Sunday, September 28, 2008

Politics: Steve Pearce Interview


The story below is my column that runs in eight newspapers around the state. They are in Farmington, Gallup, Espanola, Raton, Hobbs, Artesia, Roswell and the Defensor Chieftain in Socorro. The papers are given a two-week window to print the column. For this column, the window closes tomorrow. The next column will speculate about why Rep. Udall said no thanks to the interview structure that was planned. I'll post that column in two weeks. The subscribing papers, who pay a little for the column, get first shot. I'll also post the email correspondence with the Udall campaign. That correspondence provides detail for which I lacked in the coming column. Note that, as I see it, the campaign is the candidate and the candidate is the campaign.

Thanks to Mark Bralley for the photo of your truly and Steve Pearce. -HM

© 2008 NEW MEXICO NEWS SERVICES
Harold Morgan/New Mexico Progress
FORIMMEDIATE RELEASE THRU 9-29-08

Pearce discusses his positions

By Harold Morgan
New Mexico Progress


The plan was to interview Reps. Tom Udall and Steve Pearce, candidates for the U.S. Senate, and report in separate columns.
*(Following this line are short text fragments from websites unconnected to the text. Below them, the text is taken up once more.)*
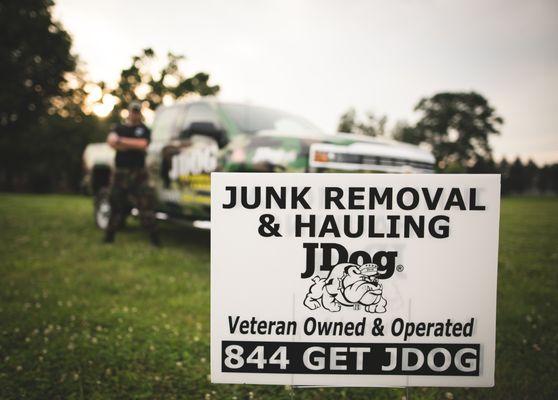 JDog Junk Removal & Hauling Lancaster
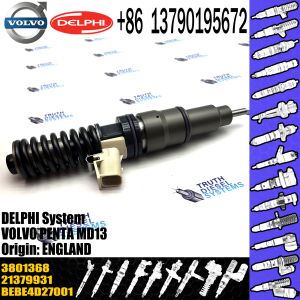 New Diesel Fuel Injector 3801368 BEBE4D30001 3801368 TAD1340VE 21379931 For VOL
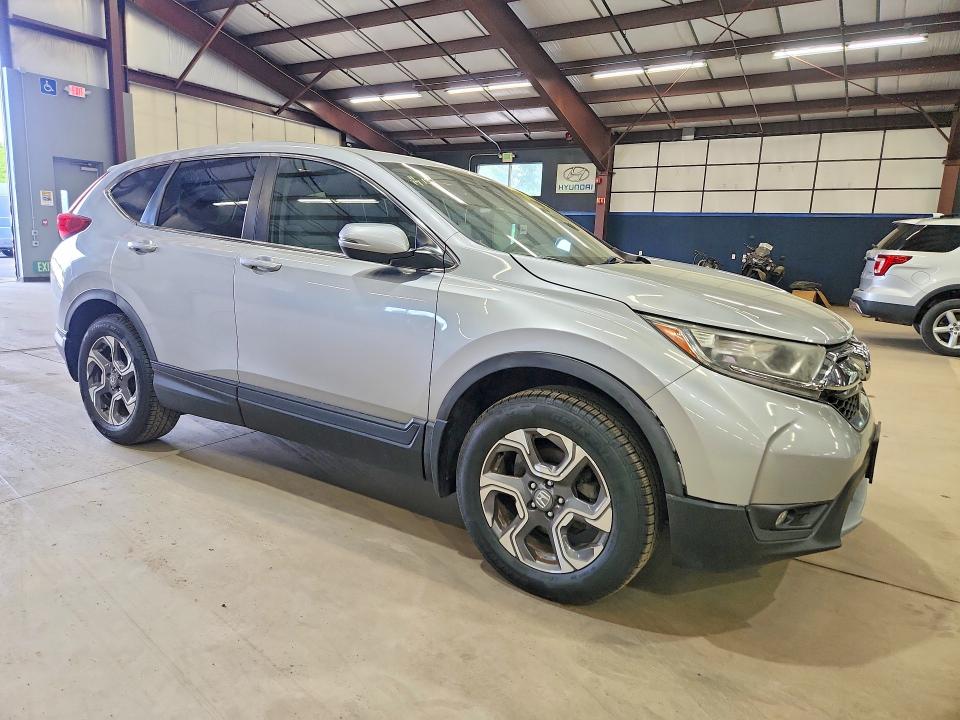 2017 Honda Cr-v მანქანა იყიდება აუქციონზე, vin: 5J6RW2H57HL055552, აუქციონის ნომერი: 54667336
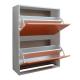 Wooden Entryway Storage Home Shoe Cabinet Particle Board L60*W24*H80CM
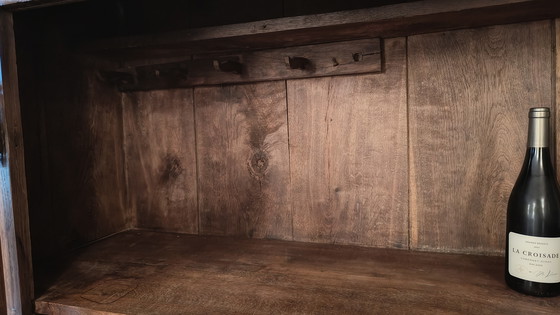 Image 1 of Oak Cabinet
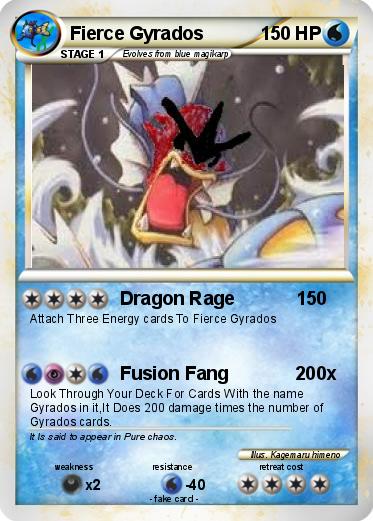 Pokemon Fierce Gyrados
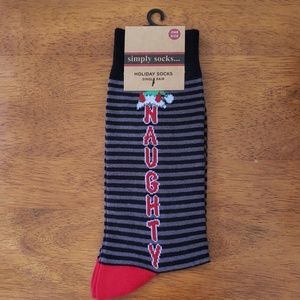 Men's holiday Socks 2 Pair $4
The rules: Same three questions, no topic briefing, spontaneous responses transcribed without comment. Because the Udall campaign required topic briefing, there is no Udall interview.
Rep. Steve Pearce and I spoke by phone Sept. 10. The complete questions are posted at www.capitolreportnm.blogspot.com.
1. Why are you running?
When Pearce ran for state representative in 1996, he was “convinced that the country was changing dramatically for the worse, and rather than just sit in Hobbs and complain, I decided that I would run for public office and try to do something about it.”
The choice was to “either be quiet or be active.”
“I realized that the real significant battles were in Washington.” So in 2000 Pearce ran for the Senate. Had he won the primary, the general election opponent would have been incumbent Sen. Jeff Bingaman. Then fate intervened. Rep Joe Skeen retired and Pearce was elected to the U.S. House. A year ago, fate came again with the retirement of Sen. Pete Domenici.
“The Senate is ultimately the spot where small states are protected. Small states and the small state ideas are protected because, in the Senate, the small states have exactly the same power as the big states. The second thing is that in the Senate, one voice can stop any piece of legislation or any policy, and it takes 60 votes to overcome that one voice. So, in the political context of policy and stopping shifts, the Senate is ultimately important.”
Pearce’s House seat was relatively safe. “The idea that we’re in a relatively safe seat had almost no bearing in the decision; what had a bearing is that I feel the country is in danger from internal slide. If I think that the Senate is the place where the real potential to stop the slide is, then I am morally obligated to run for the seat....
“One of the ways I explain it to people is that I’d like my children and grandchildren to have the same opportunities that I’ve had, and I could see those opportunities slipping away.”
2. Critical challenges and actions:
“Well, the challenges are economic… We have to understand that if we don’t work hard to hold our economy together, our standard of living will shift dramatically. The second (challenge) would be the breakdown of the American family: it gives us less cohesion as a nation, less cohesion obviously as families, but less cohesion as a nation to address, then, the significant problems that we are facing….”
Actions start with “lower taxes, cut(ting) the wasteful spending. Then in the family, the thing that we’ve tried most in the House to do is bring good, strong jobs into the Second District; we’d do the same thing (statewide) in the Senate.”
Pearce remains “an entrepreneur, constantly looking for opportunities.” He cites the nuclear enrichment facility in Eunice and projects in Portales, Clovis and the Truth or Consequences area that will keep people in New Mexico, “where they grew up,” and strengthen families.
3. The public sector or the private sector to solve problems:
“I’m strongly inclined to private solutions. If we consider health care, for instance, the great debate is should the government provide healthcare…. My general point is the government can’t provide more doctors and nurses; all it can do is limit your demand… by saying that you can’t see the doctor for six months, or eight months.
“But then we need to acknowledge there are problems with the private system, and that there are a whole series of things that can be done – just on health care alone – and should be done to improve the private sector. But at no time do I believe that, even with our problems, that we’d be better with a government healthcare system.”